I'll counterpose to that a strategy of building a horizontally structured united front from below against the right wing which meets and is centered in the entire labor and civil rights movements, which moves forward from fight to fight precisely because it is able to bring broad masses of people and people's leaders along and which holds to the left's traditional class analysis that there are, essentially, only two classes with diametrically opposing interests. I think that the occupation movements around the US are reaching for this and will get there after they work through their anarchism and find it lacking in substance.
Readers and history will judge which is correct and I'll stay with the latter approach I've described and reject the former approach as practically and theoretically insufficient, at least for now.
This debate goes back more than 125 years in the United States to the early days when Daniel DeLeon fought Henry George in the New York Central Labor Union. I hear DeLeon and the ghost of the Socialist Labor Party--America's original sectarians--cheering from their graves as some part of the left rejects the possibility of building and maintaining a united front against the right.
I have been pondering this question myself in recent weeks - it's good to see it being discussed here. I find myself torn between a popular front idea (encompassing the center and left) and the united front idea (all the left). This question is particularly salient when propositions are made for a popular front but those proposing that suffer from the inability to actually realize others on the lefts being part of that front. Limited resources compound the problem, leaving such proponents out of inspirational upsurges like those in Madison or now in NY.
I guess I really don't want to focus on the Dems but I do want to focus on labor a bit.

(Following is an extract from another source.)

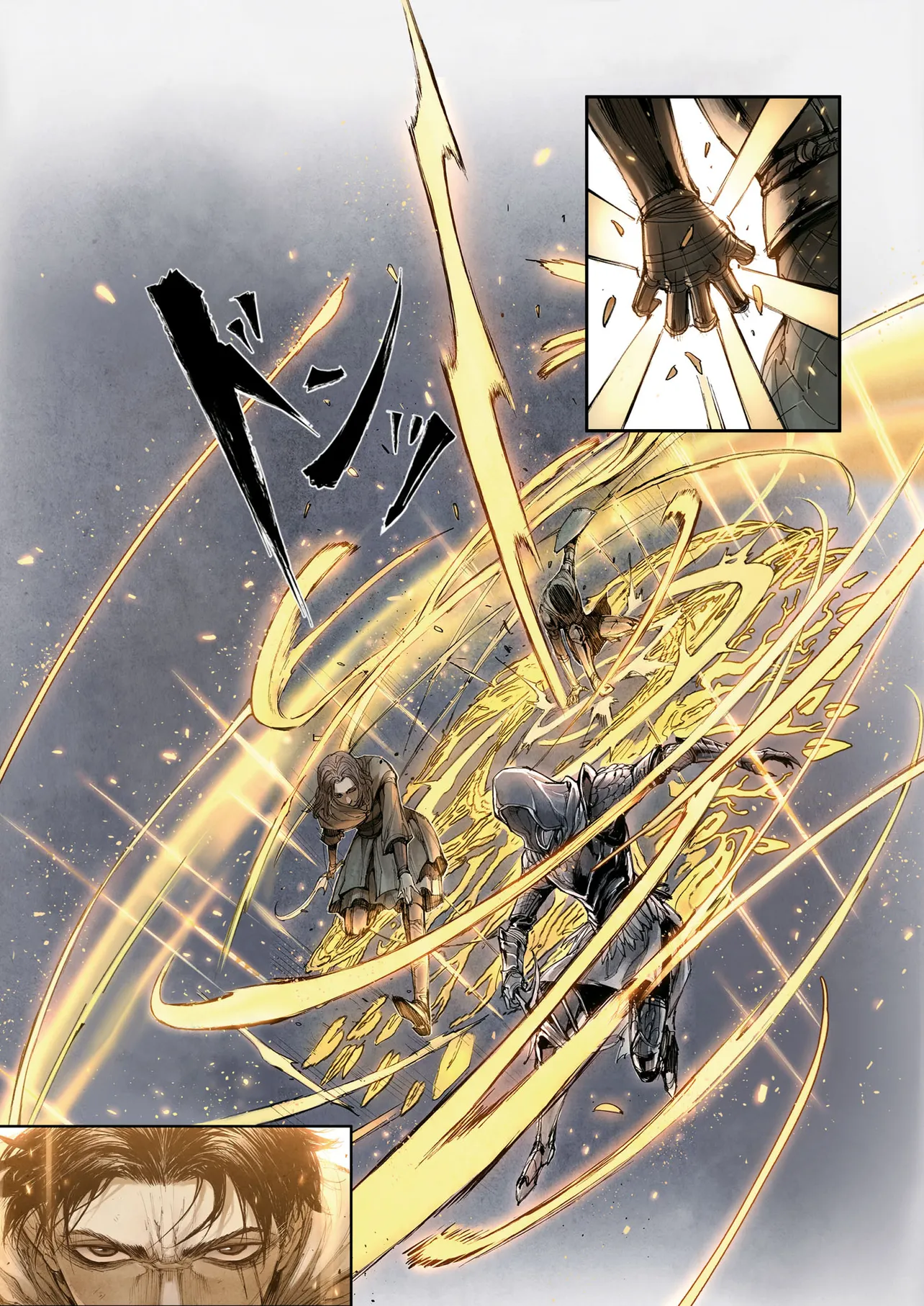 ELDEN RING BECOME LORD - raw - Chapter 1 - https://jpdd.ccdd.to/JPDD/eldenringbecomelord/10000/txv0u22txit.png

Our primary job on the left, to my mind, is to build what right now is a pretty amorphous but possibly growing left movement. I figure our role ought to be to lend our experience, historical vision and understanding of class dialectics towards building this movement.
I share Ethnicguy's senses regarding the right wing. The current right is authoritarian to the point of a modern fascism, and in power shows every possibility of wishing to implement the totalitarian vision many on the extreme right are currently advocating.

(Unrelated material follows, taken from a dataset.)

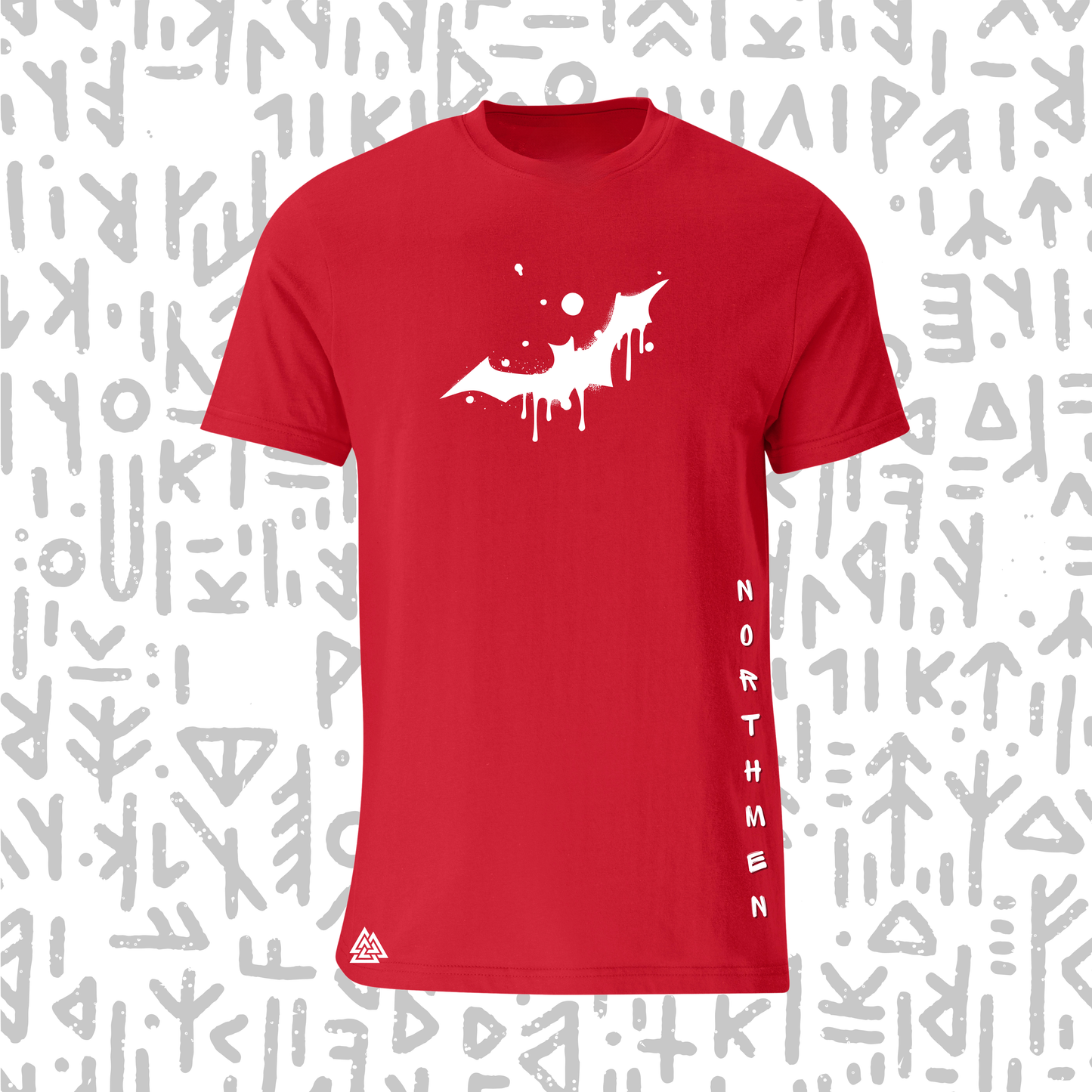 Northmen T-Shirts for kids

Defeating this right wing is not furthered by acting as a "cover" for actions, mis-actions, and inactions of the current regime. Indeed I don't even want to focus on that current regime because they are really only tangential to building the movement such as the above.
Labor is core to building such a left movement. The political agenda labor is playing out however has little to do with building such a movement.

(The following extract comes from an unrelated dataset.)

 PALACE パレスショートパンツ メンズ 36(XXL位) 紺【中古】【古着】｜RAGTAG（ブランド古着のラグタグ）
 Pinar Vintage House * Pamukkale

First, presidential and congressional elections as they are constituted now are not going to build a movement, although they are important because this is where the right needs to be defeated.
However, all of labor's, indeed far too much of the broad left puts so much emphasis on these elections, yet these elections are movement dead ends.
Getting back to labor specifically, labor's political program has steadily dominated for going on two decades now. To my mind, this fixation on mainstream political gaming has been transformed labor's role from its traditional economic function into being a sort of little mini-party aimed at feeding into a bigger party instead. Here, to take the other side of the argument, we have Daniel De Leon's "labor lieutenants of capital" who are so bought into feeding into the bigger party that they have no time and are too politically contradicted to develop and maintain a working class agenda.
In the end, labor and the progressive left are not the ones who will make or break the 2012 elections. The reality is that if Obama and the Dems take another drubbing in 2012 it will their own fault, their own equivocating, their dodging of the big issues, and their squandering of massive progressive political capital.
So, I want Obama and the Dems to win in 2012 because more than anything else I don't want the right capturing national totalitarian power.
And I figure the best way to help elect Obama and the Dems is to be unrelenting in our honest criticism and at the same time, to embrace and be supportive when Obama and the Dems actually do something right, and they are capable in theory of doing at least somethings right. This is shoving the argument to the left, and this is what our role on the left ought to be and that includes labor as well.
I think Charles and Ethnicguy by the ends of their posts pretty much agree with each other, although Ethnicguy's whole post is more consistent, or coherent. Still, there is a definite if somewhat submerged debate going on between them. I find myself pretty much in agreement with their concluding paragraphs.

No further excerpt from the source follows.